Being a professional athlete affords Pinner many opportunities, especially the chance to enhance his already-impressive collection of remote-control cars. This hobby may be his passion, but Pinner favors simple speed cars to ones of impressive, yet impractical design -- essentially function over form.

"I'm not at the level (of people who obsess) with gas and custom-made stuff (for their cars,)" says Pinner, whose yellow Ford GT remains his most prized remote-control-car possession. "I probably have my share of lemons, but I probably also have the fastest car."

Pinner's speed-power combination in college helped produce the run of his life in 2002. In the Wildcats' 44-22 thumping of Middle Tennessee State, Pinner took a sweep, spun out of two separate gang-tackles near the line of scrimmage, dashed 40 yards to the MTSU 5, lost his shoe and then carried a defender into the end zone for a touchdown.

"That was a good one," says Pinner, with a deadpan expression.

Becoming a Kentucky Wildcat was never a given for young Pinner, whose childhood friends influenced him into cheering for the University of Tennessee.

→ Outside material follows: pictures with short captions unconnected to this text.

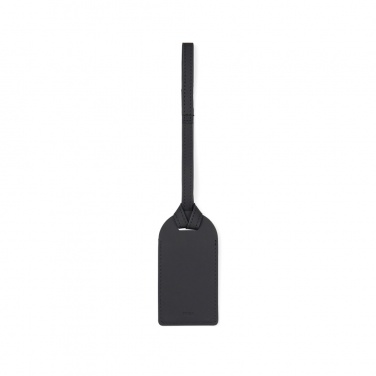 Logo trade promotional merchandise photo of: VINGA Baltimore RCS recycled polyester luggage tag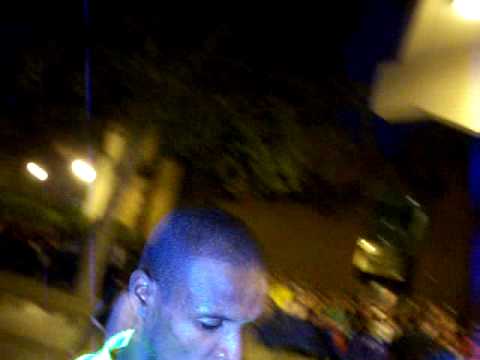 FC Barcelona USA 2009 – Valdez, Abidal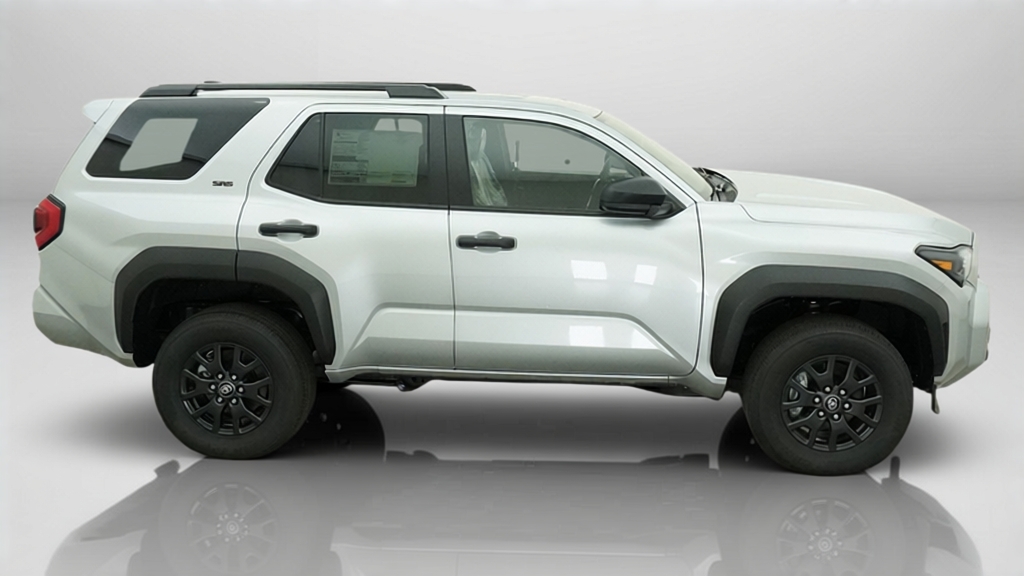 New 2026 Toyota 4Runner SUV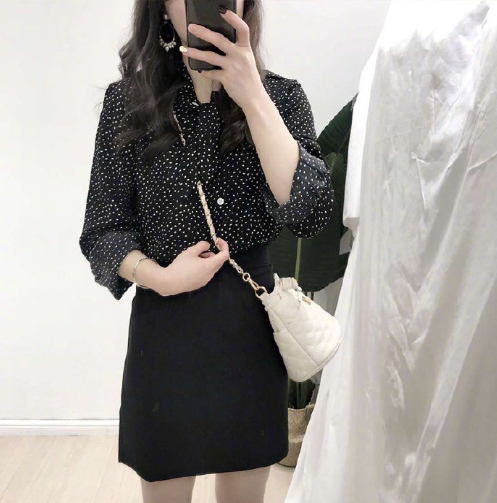 气质美女图片 粉嫩的小仙女夏季服装搭配图片 8
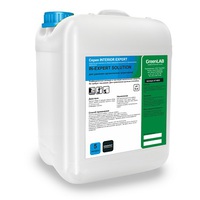 GreenLab Профессиональное моющее средство IN-EXPERT SOLUTION для удаления органических загрязнений, 5 л  Химия (Чистка твёрдых полов)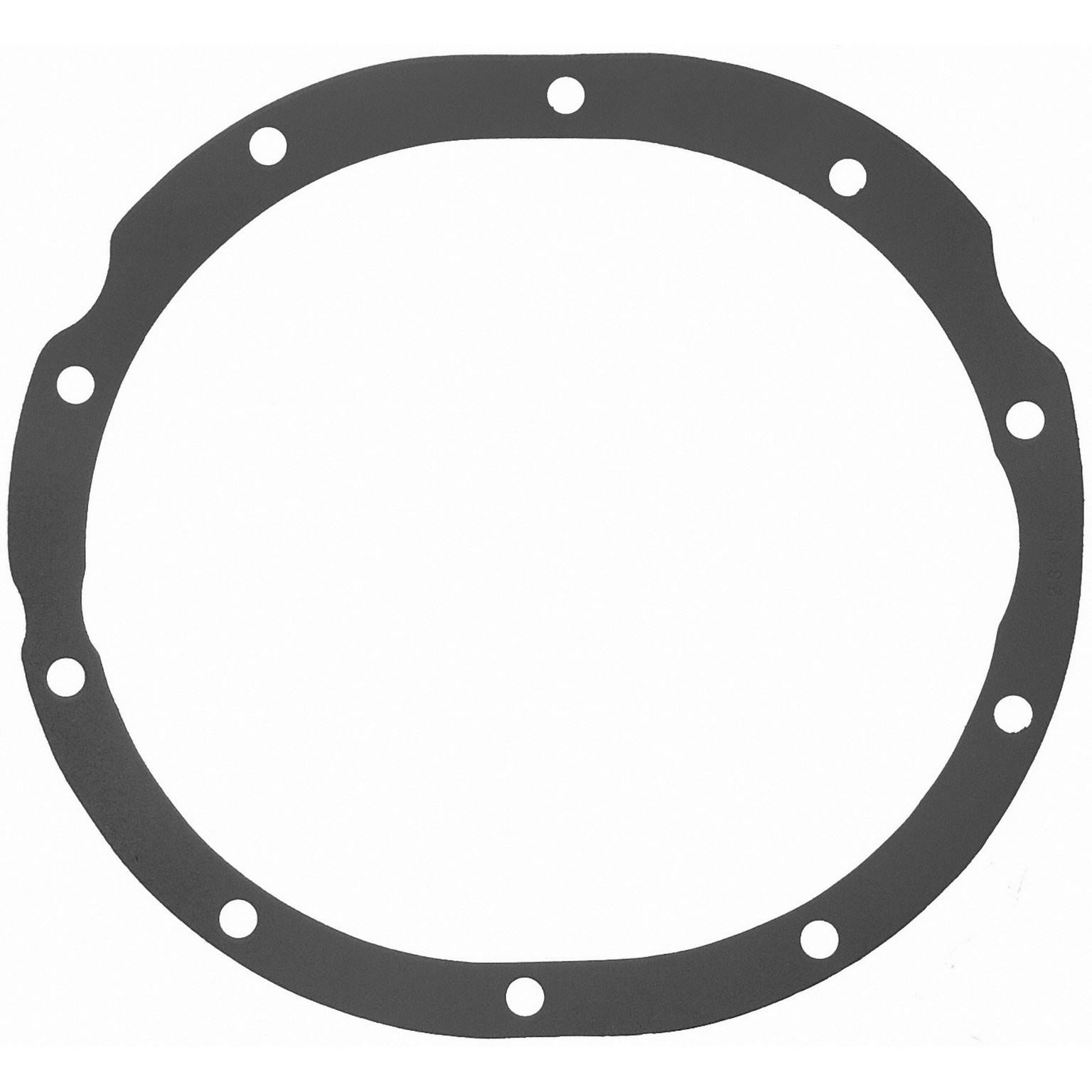 fel-pro axle housing cover gasket  frsport 2301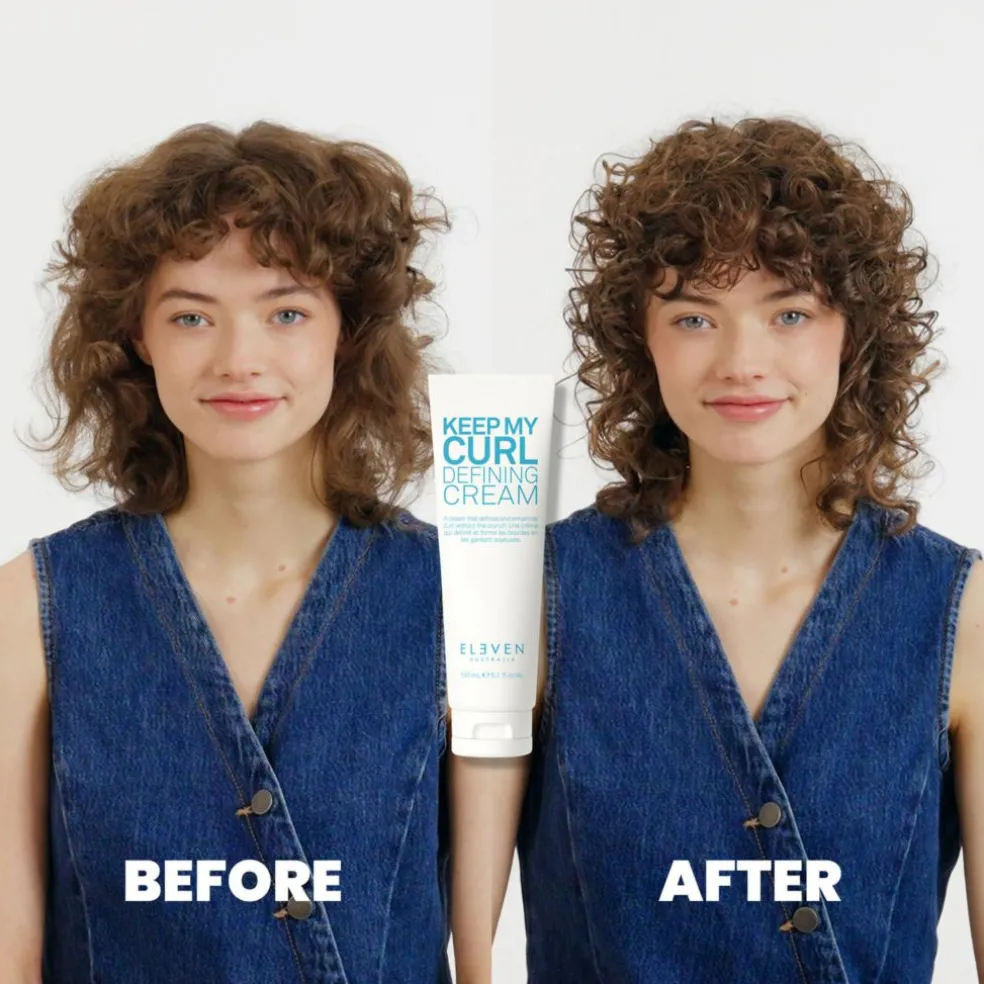 Keep My Curl Defining Cream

But despite a stellar preps career -- which included 5,829 rushing yards and a stunning 8.3 yards per carry -- Pinner opted for Kentucky bluegrass over Tennessee "Rocky Top."

But even at Kentucky, Pinner had to scratch-and-claw for his share of the limelight.

During his senior season, ESPN visited Lexington for an entire week, chronicling the team's exhaustive preparations for a conference home tilt versus South Carolina. When selecting the storylines surrounding UK football, the cable giant focused on a musically gifted offensive lineman (Antonio Hall) and the team's rotund, quirky quarterback (Lorenzen).

Despite having MVP numbers, Pinner was relegated to part-time status when the documentary aired on television.

"I enjoyed the experience, but the focus was not really on me...more on some of the other guys," says Pinner, whose favorite Ben Stiller movie is "There's Something About Mary." "I was having a great season, but (ESPN) didn't really follow 'The Life of Artose' at the time."

ESPN's lack of foresight in chronicling Pinner was quite a surprise, indeed. Usually, networks move mountains to tell the story of an overnight sensation.